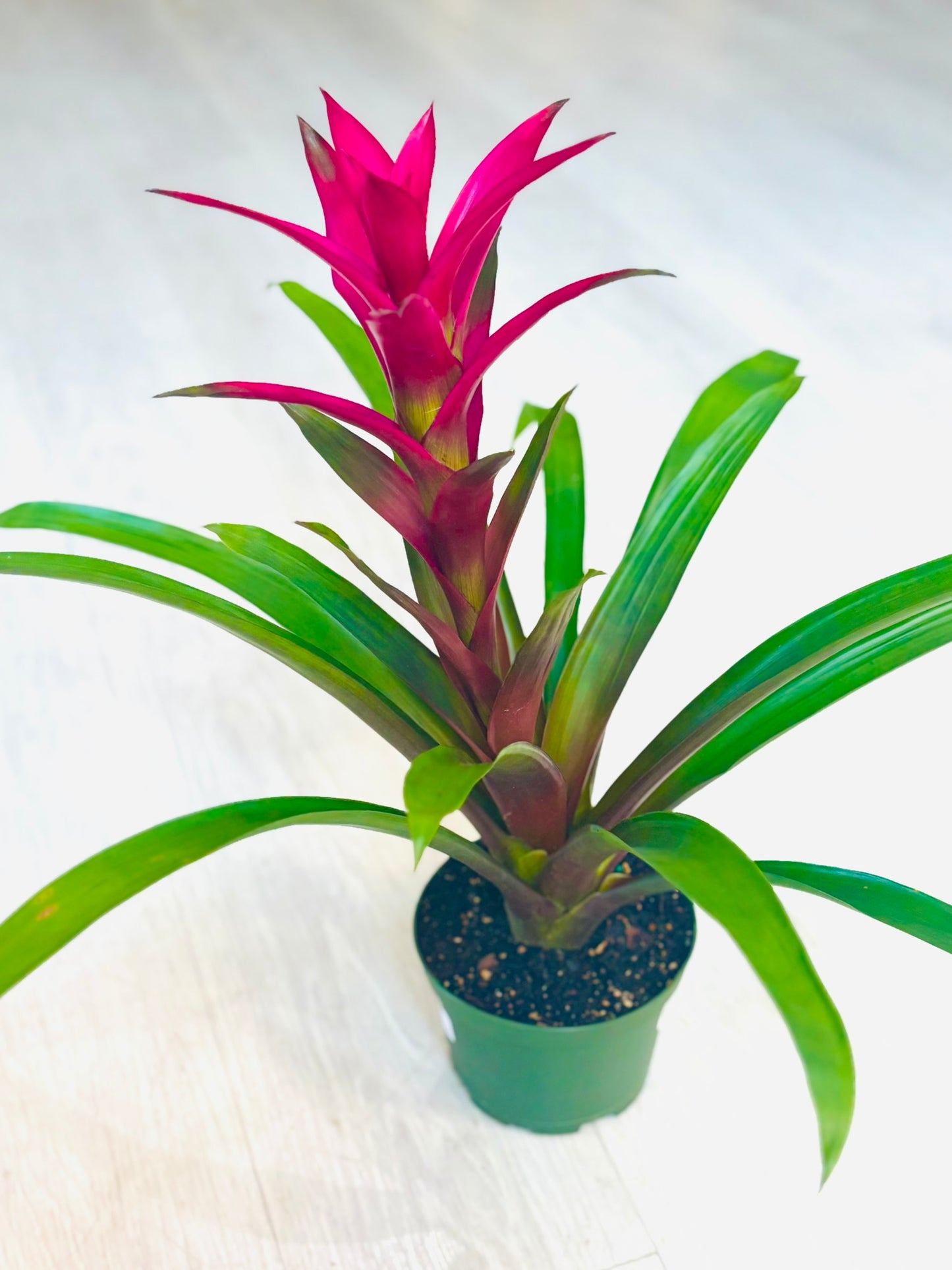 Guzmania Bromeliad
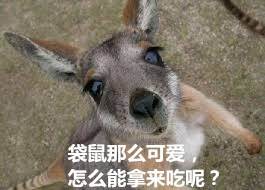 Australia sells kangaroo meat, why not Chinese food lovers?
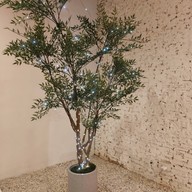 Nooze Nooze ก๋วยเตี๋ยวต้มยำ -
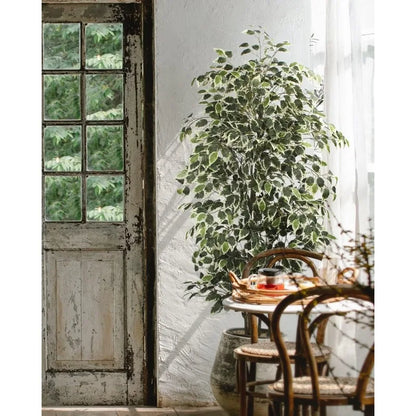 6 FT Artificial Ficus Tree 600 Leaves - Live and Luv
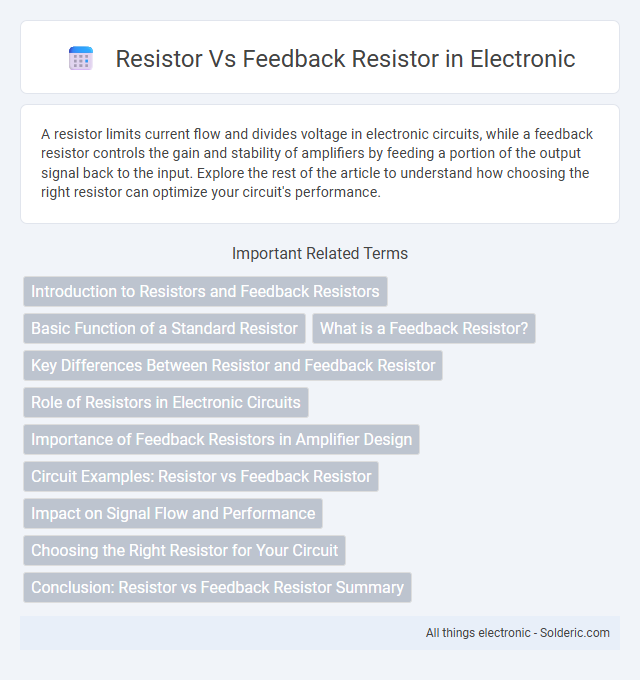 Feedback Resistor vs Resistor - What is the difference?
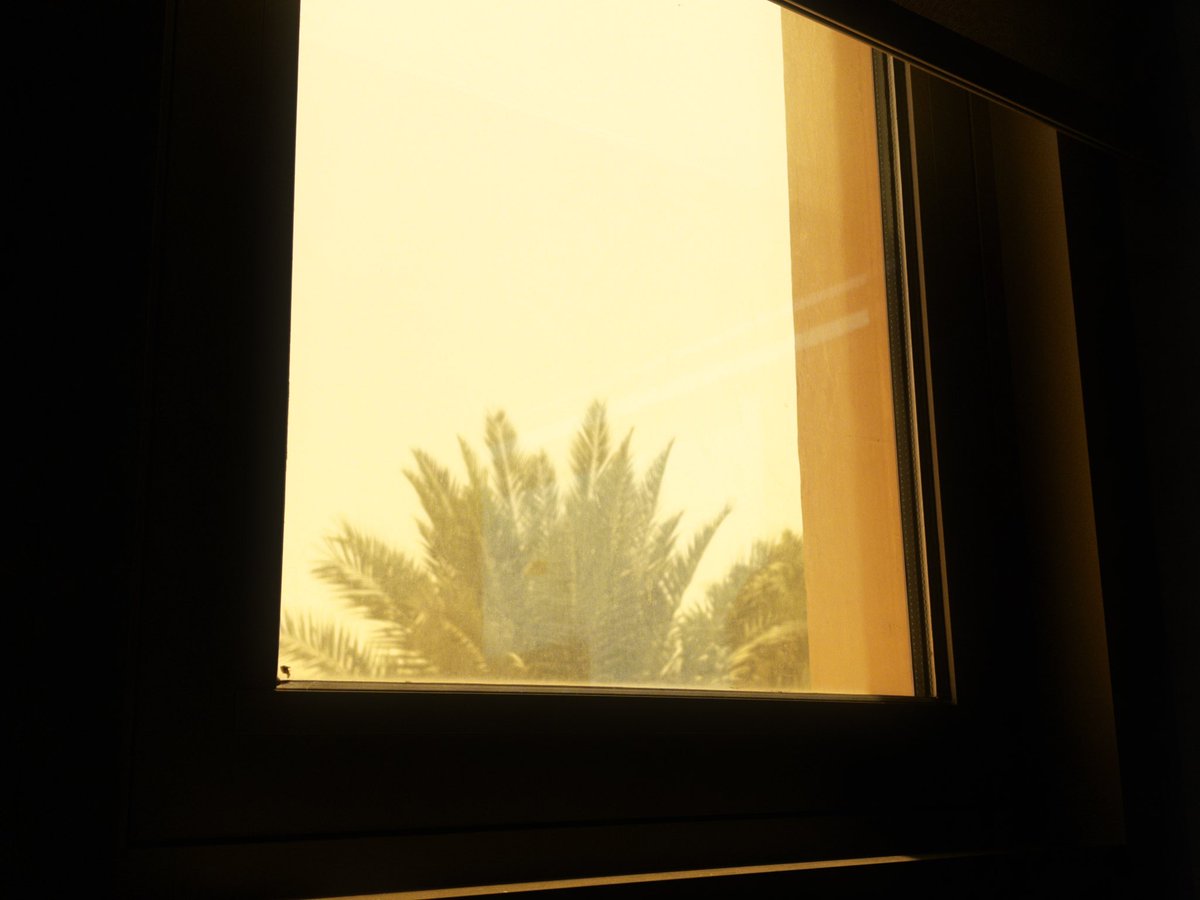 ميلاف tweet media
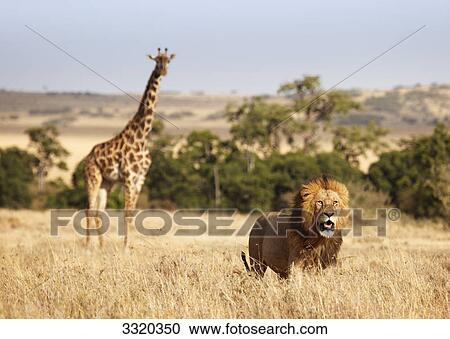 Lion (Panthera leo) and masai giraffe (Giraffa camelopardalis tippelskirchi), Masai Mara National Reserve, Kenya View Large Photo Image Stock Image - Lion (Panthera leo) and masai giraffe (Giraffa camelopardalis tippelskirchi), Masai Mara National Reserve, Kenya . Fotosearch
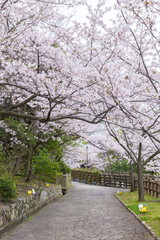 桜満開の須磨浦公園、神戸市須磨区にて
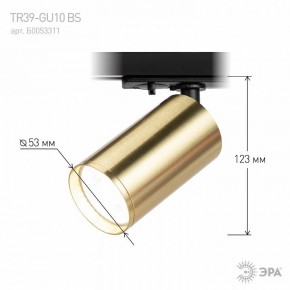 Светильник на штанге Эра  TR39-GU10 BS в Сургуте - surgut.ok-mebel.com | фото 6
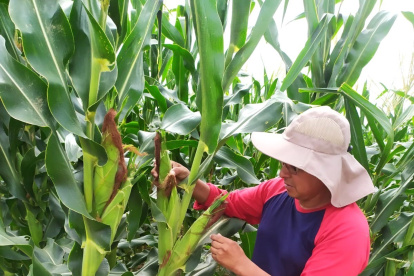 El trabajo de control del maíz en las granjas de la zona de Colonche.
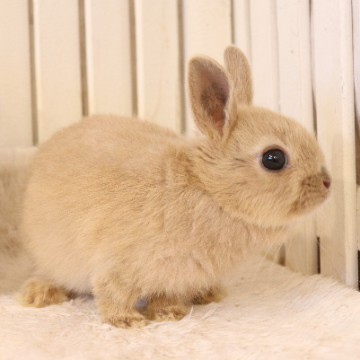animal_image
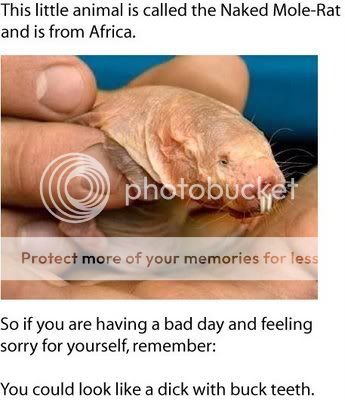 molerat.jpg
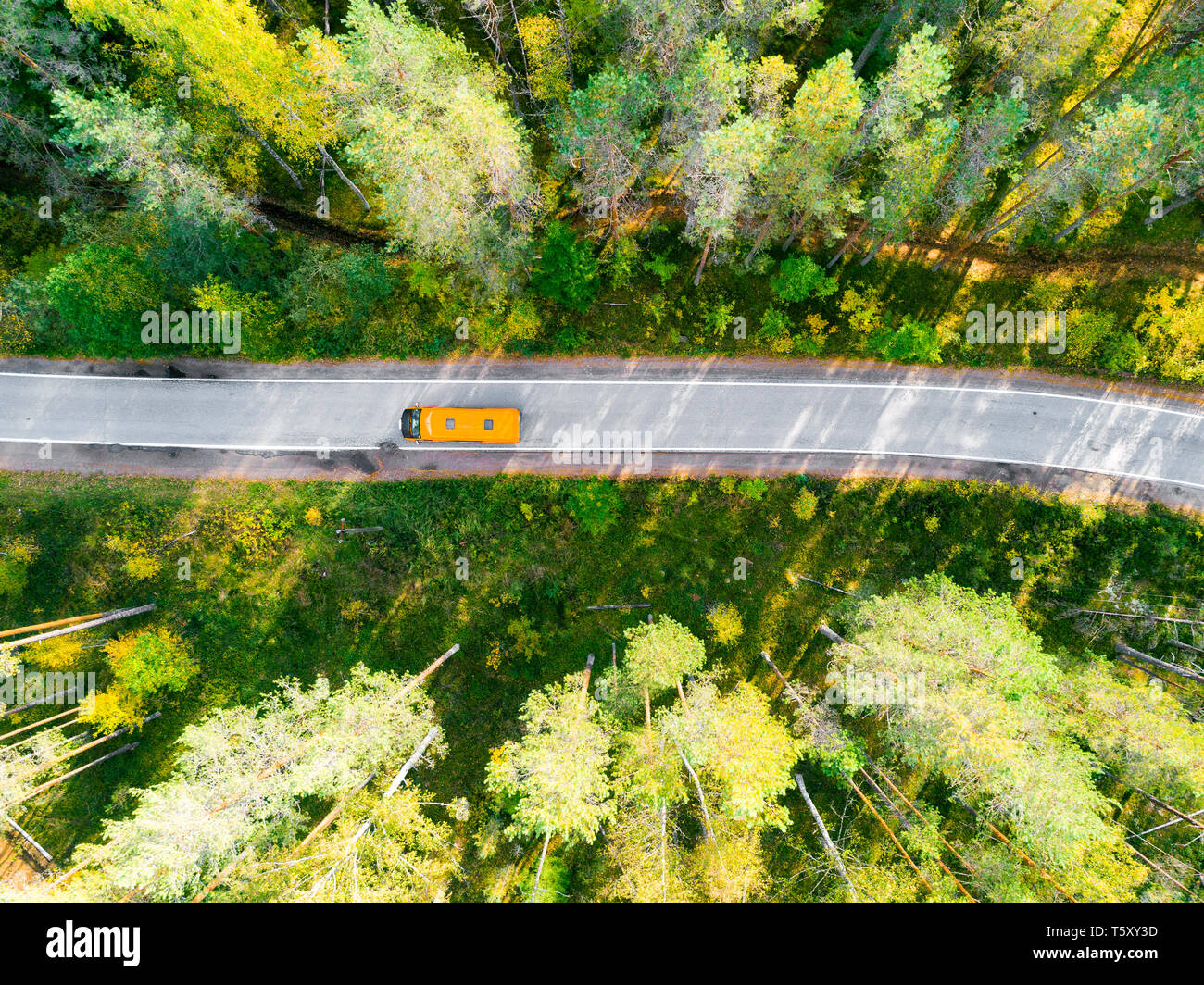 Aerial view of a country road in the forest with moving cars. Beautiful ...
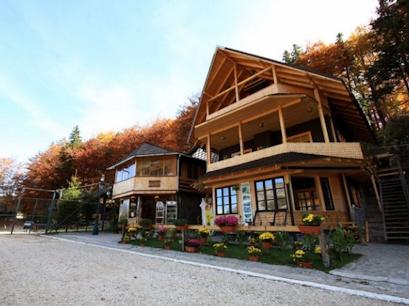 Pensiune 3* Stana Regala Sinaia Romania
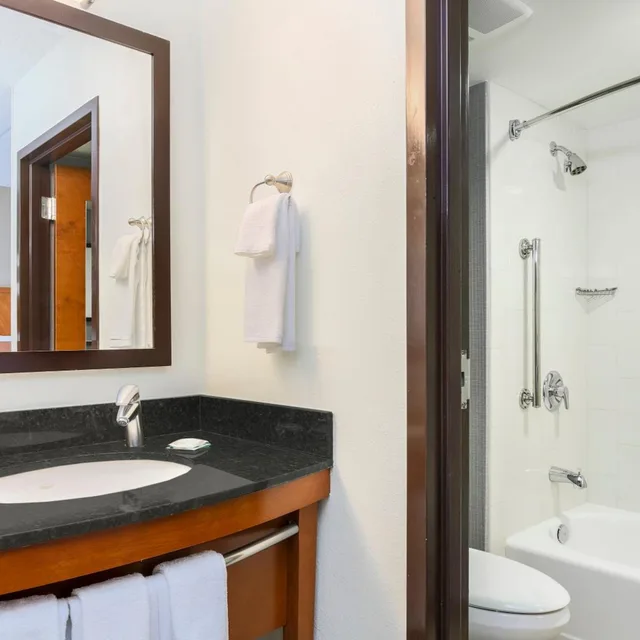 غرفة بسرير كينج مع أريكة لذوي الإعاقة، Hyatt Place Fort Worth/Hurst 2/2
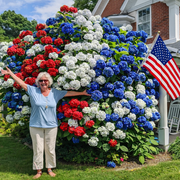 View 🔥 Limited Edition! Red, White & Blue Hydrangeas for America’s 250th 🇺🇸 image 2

----

*REQUIREMENT*:
Everything from the line containing "غرفة بسرير كينج" to the final line of the listing above, both ends included, should be transcribed word for word, except for the pictures.

*WRITTEN REPLY*:
 غرفة بسرير كينج مع أريكة لذوي الإعاقة، Hyatt Place Fort Worth/Hurst 2/2
 View 🔥 Limited Edition! Red, White & Blue Hydrangeas for America’s 250th 🇺🇸 image 2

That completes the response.